Assembling the Dinosaur: Fossil Hunters, Tycoons, and the Making of a Spectacle -- A Virtual Discussion with Lukas Rieppel
Dinosaur fossils were first found in England, but during the late nineteenth century a series of spectacular discoveries in the American West turned the United States into a world center for vertebrate paleontology. Around the same time, the U.S. also emerged as an economic powerhouse of global proportions, and large, fierce, and spectacular creatures like Tyrannosaurus, Brontosaurus, and Triceratops became powerful emblems of American capitalism. In Assembling the Dinosaur, Lukas Rieppel reveals how these giant extinct reptiles became entwined with commercial culture, philanthropy, and the popular imagination during America’s Long Gilded Age.
Join Lukas Rieppel in conversation with dinosaur-enthusiast and APS Head of Scholarly Programs Adrianna Link as they discuss how the dinosaur became such an integral part of American society. Robert McCracken Peck, curator of art and artifacts and senior fellow of the Academy of Natural Sciences of Drexel University, will offer introductory remarks on the early history of paleontology in Philadelphia.

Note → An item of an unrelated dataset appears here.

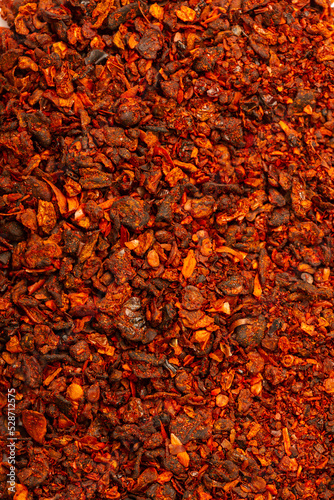Dried and sun dried tomatoes closeup, flat lay background. Indian and Arabic spices for cooking. Medicinal herbs and condiment.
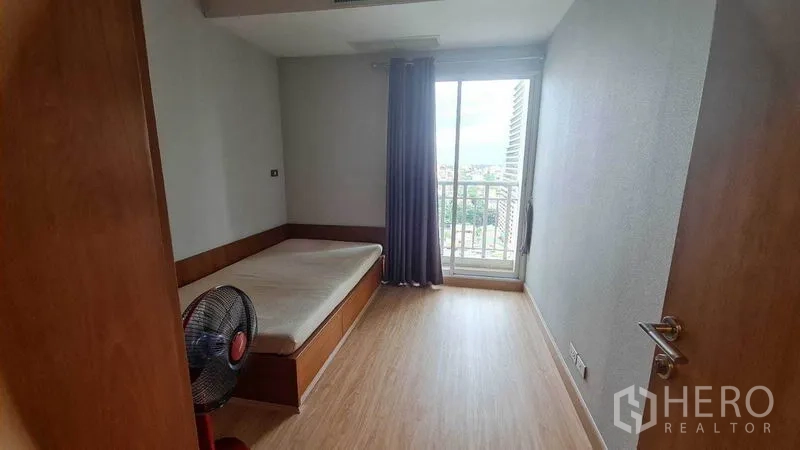 Condominium for rent or sale in Watthana, Bangkok - Second bedroom with single bed, wood flooring, and sliding doors to a small balcony.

The event will take place on Wednesday, May 20 at 1:00 p.m. EDT via Zoom. The event is free of charge; registration is required to attend.
Lukas Rieppel teaches the history of science, the history of capitalism, and nineteenth century US History at Brown University. His book on the history of dinosaurs and American capitalism, Assembling the Dinosaur: Fossil Hunters, Tycoons, and the Making of a Spectacle, was recently published by Harvard University Press.